4.Analysis of digital skills using online job advertisements

Digital technologies such as artificial intelligence, the internet of things, cloud computing, and recently also large language models such as Chatgpt are the main forces behind reshaping the world of work nowadays. The increased interest in understanding the demand for digital skills is related to their growing importance for employers. For example, the use of Austrian and German longitudinal data confirmed that, among others, the increase in the use of social media in the workplace of public relations specialists translated into higher demand for digital skills among this occupational group [16]. As individuals’ skills are essential in making any change happen, it is important to understand trends in labour market demands professions leading the digital transition, including software developers, ICT technicians, and programmers (e.g. [17]). For example, the analysis of advertisements in Germany showed that knowledge of programming languages such as Java, C and Python was in most demand for computer scientist positions [18].

Analysing job offers also allows one to understand emerging occupations, which did not exist when the taxonomies, such as the ISCO, were updated in 2008 [19]. The comparison of advertisements and skills requested for ICT and statisticians’ roles confirmed that making distinct classifications of these two occupations still holds, e.g., computing skills are distinctive for software developers [20]. Analysing skills contained in online job advertisements may have the final purpose of informing education providers more efficiently, such as the work of Gurcan and Cagiltay [21], which contributed to gaining more insights about competencies that big data software engineers are expected to have.

Another strand of literature uses online job advertisements in analysis to understand changes in demand for skills for occupations that transform due to technological change. Acemoglu et al. [22] introduced three ways of estimating exposure to artificial intelligence at occupational levels. They used longitudinal online job advertisement data for the US to show how demand for workers with AI skills has increased over time. The recent work of Anton et al. [23], in which OJAs from 60 countries were analysed, contributed to a better understanding of the competencies required for leveraging AI. In June 2023, the number of employers mentioning Large Language Models (e.g. ChatGPT) among required skills was negligible in the labour market in Europe [24]. Yet, a similar analysis of the information from China’s largest online recruitment platform brought insights into the employers’ requirements for this skill, predicting that 45% of all future occupations might require it [25].

Online job advertisements were also used in discussions of the COVID-19 pandemic’s impact on the labour market [26], which triggered a higher prevalence of working from home associated with a higher demand for digital skills. Namely, the basic digital skills of workers expected to work using digital solutions and the high-digital skills of IT workers securing the connections and being responsible for running the IT system of firms. Indeed, even after the end of the pandemic, basic digital skills, e.g. computer use, were twice as likely to appear in the content of advertisements whenever the possibility of working from home was explicitly mentioned [27].

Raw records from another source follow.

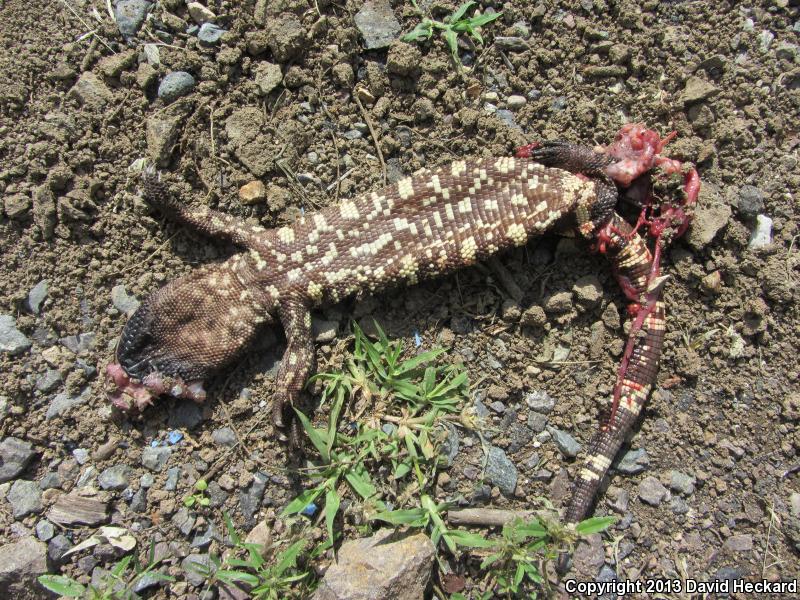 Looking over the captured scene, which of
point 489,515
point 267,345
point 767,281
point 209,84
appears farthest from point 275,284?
point 767,281

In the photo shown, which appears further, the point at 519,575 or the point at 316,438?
the point at 316,438

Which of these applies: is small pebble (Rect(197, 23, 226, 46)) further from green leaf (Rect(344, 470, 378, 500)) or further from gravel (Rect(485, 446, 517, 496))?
gravel (Rect(485, 446, 517, 496))

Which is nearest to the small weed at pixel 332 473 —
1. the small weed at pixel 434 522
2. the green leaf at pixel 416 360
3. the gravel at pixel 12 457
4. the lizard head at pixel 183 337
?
the small weed at pixel 434 522

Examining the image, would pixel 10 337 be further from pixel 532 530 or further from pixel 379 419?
pixel 532 530

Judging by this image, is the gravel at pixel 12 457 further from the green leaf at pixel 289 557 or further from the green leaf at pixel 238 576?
the green leaf at pixel 289 557

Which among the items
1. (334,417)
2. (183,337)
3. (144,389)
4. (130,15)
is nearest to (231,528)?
(334,417)

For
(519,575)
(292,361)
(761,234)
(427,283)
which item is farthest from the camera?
(427,283) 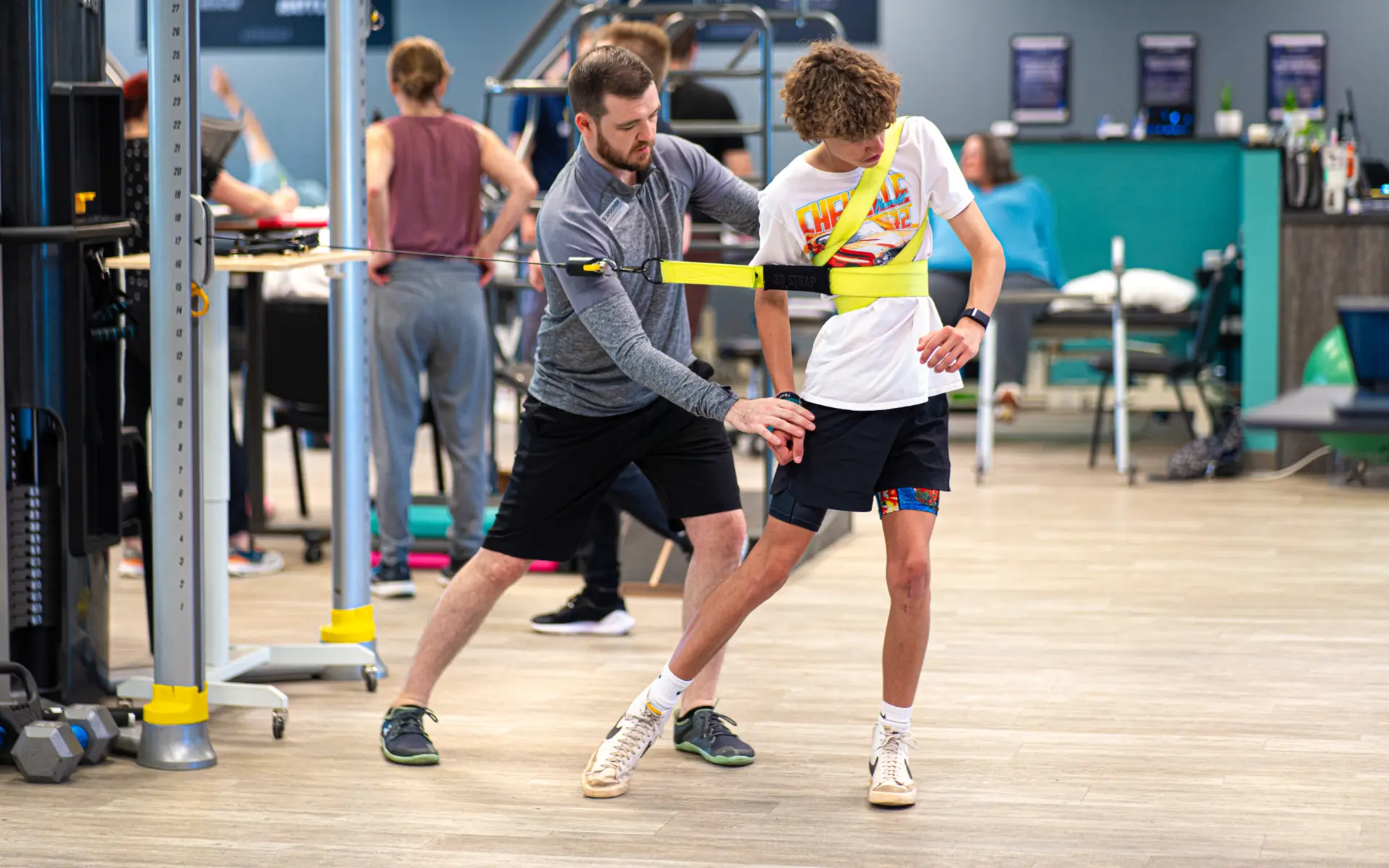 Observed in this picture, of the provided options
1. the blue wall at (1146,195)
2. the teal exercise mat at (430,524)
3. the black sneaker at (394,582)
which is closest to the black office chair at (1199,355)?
the blue wall at (1146,195)

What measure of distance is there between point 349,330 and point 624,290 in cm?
113

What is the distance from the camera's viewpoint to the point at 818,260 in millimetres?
2986

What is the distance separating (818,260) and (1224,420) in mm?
5867

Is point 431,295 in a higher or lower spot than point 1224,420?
higher

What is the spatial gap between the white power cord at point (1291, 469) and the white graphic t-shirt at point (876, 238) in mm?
5359

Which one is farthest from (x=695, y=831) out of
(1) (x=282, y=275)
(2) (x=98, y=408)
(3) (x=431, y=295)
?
(1) (x=282, y=275)

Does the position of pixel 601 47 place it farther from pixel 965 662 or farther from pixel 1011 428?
pixel 1011 428

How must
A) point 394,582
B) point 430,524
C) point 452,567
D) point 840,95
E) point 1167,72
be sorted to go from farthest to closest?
point 1167,72 → point 430,524 → point 452,567 → point 394,582 → point 840,95

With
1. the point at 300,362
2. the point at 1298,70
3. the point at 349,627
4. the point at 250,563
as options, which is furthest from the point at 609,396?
the point at 1298,70

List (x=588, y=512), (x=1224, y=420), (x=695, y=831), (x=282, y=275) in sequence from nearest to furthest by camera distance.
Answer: (x=695, y=831), (x=588, y=512), (x=282, y=275), (x=1224, y=420)

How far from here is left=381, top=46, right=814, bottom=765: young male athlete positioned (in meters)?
3.08

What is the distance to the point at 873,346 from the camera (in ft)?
9.66

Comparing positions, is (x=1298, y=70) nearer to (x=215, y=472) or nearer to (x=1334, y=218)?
(x=1334, y=218)

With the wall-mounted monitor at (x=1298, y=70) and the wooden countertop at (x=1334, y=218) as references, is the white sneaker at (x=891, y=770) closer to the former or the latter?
the wooden countertop at (x=1334, y=218) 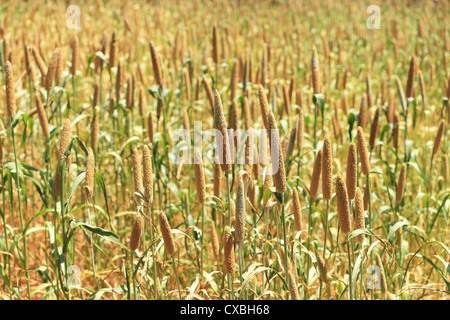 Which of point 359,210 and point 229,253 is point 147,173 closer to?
point 229,253

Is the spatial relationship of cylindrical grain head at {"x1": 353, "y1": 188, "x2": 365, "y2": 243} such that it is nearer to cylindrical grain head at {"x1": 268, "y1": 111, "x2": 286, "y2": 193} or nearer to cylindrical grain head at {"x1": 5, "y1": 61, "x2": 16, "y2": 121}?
cylindrical grain head at {"x1": 268, "y1": 111, "x2": 286, "y2": 193}

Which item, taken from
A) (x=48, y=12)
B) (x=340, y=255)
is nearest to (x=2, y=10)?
(x=48, y=12)

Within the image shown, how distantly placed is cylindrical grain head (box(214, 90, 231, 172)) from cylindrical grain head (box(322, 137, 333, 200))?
34 centimetres

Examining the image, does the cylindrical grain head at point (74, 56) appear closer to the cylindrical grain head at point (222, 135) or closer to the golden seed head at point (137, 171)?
the golden seed head at point (137, 171)

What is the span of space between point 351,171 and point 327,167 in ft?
0.32

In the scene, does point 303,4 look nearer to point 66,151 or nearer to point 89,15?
point 89,15

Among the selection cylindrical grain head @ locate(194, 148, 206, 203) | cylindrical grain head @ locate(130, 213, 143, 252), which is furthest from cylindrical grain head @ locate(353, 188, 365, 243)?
cylindrical grain head @ locate(130, 213, 143, 252)

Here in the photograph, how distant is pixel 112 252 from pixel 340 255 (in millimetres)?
1550

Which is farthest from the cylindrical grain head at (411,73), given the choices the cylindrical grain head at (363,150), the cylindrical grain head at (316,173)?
the cylindrical grain head at (316,173)

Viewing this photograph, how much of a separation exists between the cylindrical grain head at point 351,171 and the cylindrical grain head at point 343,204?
8 cm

5.Description of the method to update digital skills classification

The increasing interest in the content of online job advertisements as the source of information made the European Union Agency – Cedefop, join forces with the statistical office of the European Union – Eurostat, in developing the European system for collection and analysis of such data under the umbrella of Web Intelligence Hub project. This so-called WIH-OJA database, which is used in the analysis presented in this article, is based on the content extracted from online job advertisements (OJAs) published on various websites selected by national labour market experts in the way to assure good coverage of diverse labour markets segments in EU (e.g. including websites which do not overlap in the offer of same services). This joint project uses the European multilingual classification – ESCO – to classify information extracted from online job advertisements.

Figure 1.

Illustration of the information about tag “Javascript” obtained from GitHub page.

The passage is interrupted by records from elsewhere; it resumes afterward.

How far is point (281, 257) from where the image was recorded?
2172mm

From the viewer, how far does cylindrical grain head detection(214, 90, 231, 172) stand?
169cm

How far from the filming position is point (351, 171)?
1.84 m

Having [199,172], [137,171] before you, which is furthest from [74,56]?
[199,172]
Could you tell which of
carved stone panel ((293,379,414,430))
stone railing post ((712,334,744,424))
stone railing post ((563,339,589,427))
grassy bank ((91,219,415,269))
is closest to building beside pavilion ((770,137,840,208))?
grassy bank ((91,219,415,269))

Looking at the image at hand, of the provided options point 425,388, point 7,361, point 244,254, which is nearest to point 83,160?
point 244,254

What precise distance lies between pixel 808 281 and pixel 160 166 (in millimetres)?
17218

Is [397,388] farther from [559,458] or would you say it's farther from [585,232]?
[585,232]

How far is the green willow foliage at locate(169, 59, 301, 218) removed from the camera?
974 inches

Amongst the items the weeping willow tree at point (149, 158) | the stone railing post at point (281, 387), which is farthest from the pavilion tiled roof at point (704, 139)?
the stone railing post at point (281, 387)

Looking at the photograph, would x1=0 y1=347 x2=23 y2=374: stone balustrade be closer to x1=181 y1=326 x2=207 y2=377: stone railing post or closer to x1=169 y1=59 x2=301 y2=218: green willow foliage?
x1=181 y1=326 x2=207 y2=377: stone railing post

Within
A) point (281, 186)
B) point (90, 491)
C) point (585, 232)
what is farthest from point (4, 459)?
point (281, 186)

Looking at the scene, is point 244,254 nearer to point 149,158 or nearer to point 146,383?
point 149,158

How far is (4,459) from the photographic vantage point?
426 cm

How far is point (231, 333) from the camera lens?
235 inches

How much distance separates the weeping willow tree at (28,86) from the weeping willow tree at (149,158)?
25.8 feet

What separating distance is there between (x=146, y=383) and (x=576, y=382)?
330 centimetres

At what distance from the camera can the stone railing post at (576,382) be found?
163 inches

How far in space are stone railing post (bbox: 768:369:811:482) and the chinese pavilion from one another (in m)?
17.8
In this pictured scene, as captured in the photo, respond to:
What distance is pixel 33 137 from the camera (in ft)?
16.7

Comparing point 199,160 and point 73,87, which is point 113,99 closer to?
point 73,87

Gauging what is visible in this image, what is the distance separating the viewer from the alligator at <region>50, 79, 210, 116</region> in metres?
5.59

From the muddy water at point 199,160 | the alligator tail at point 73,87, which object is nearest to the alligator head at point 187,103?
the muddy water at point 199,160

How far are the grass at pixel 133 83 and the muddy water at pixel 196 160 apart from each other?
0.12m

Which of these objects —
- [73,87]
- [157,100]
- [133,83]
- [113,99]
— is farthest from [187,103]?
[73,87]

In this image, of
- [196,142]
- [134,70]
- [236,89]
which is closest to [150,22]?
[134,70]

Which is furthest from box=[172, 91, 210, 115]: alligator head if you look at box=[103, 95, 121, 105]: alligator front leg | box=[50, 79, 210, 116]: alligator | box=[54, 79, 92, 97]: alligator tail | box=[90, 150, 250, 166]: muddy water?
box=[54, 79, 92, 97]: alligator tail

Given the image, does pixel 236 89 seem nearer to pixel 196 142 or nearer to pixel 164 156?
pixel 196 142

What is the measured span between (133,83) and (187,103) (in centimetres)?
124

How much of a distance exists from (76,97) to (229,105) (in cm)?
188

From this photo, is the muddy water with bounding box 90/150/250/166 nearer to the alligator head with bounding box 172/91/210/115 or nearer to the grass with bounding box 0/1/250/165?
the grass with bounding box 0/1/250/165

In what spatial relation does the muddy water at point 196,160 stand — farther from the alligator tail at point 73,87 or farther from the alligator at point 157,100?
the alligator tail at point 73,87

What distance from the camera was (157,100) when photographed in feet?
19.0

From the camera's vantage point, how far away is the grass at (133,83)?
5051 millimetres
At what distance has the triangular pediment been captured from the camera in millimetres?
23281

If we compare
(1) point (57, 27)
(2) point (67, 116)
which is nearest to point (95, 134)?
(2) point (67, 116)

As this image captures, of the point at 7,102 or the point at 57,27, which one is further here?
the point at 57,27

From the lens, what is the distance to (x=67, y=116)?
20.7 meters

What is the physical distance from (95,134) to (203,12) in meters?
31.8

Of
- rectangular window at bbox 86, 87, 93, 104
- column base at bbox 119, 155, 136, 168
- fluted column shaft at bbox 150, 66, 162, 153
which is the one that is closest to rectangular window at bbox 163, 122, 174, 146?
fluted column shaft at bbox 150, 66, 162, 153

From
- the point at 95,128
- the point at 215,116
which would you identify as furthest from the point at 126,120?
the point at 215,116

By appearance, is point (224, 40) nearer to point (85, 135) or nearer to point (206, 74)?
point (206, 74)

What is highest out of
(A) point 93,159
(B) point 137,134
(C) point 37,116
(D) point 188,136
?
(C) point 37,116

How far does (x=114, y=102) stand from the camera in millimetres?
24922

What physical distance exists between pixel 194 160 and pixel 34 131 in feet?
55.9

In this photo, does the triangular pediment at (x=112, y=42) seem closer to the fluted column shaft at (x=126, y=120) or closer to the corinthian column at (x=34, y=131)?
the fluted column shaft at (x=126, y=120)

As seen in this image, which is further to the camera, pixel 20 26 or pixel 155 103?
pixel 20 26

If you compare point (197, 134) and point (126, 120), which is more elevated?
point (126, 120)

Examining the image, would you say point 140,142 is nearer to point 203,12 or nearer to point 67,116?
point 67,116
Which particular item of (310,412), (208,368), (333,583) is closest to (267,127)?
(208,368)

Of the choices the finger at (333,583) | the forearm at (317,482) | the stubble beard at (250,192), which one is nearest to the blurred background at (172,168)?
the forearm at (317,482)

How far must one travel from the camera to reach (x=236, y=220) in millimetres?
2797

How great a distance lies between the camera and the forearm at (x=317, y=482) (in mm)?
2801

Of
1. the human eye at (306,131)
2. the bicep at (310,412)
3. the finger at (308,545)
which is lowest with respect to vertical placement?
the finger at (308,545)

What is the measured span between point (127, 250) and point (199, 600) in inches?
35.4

Illustration of the information about tag “Javascript” obtained from GitHub page.

A good taxonomy of skills, not just digital ones, is crucial for many education system stakeholders, including learners, employers, and policy-makers. A clear taxonomy can guide curriculum development for educational institutions and training providers, ensuring that all essential skills are covered and a logical progression in the learning journey. Individuals can use the taxonomy to identify gaps in their skillset, helping them make informed decisions about further training needs to progress in their careers. For companies, a good taxonomy is a tool that could help in recruitment by specifying exactly what skills are required for a given role. As digital technologies change rapidly, for the taxonomy of digital skills to remain relevant, it must be updated regularly to reflect these changes.

The most recent version of ESCO, released at the beginning of 2022 (version 1.1.1), includes 13890 skill terms and knowledge concepts, out of which 1,201 are labelled as digital. However, when the experimental project described in this article was initialised, the initial list of digital skills available from ESCO counted only 21 skill terms linked to the Digital Competence Framework for Citizens44 (DigComp). This experimental project aims to test if adding an alternative list of terms parallel to the existing ESCO terms would improve the extraction of information about digital skill terms. The potential of using tags obtained from the Stack Overflow.com website was explored to build a list of the latest IT technologies, which were used to compare with the content of OJAs.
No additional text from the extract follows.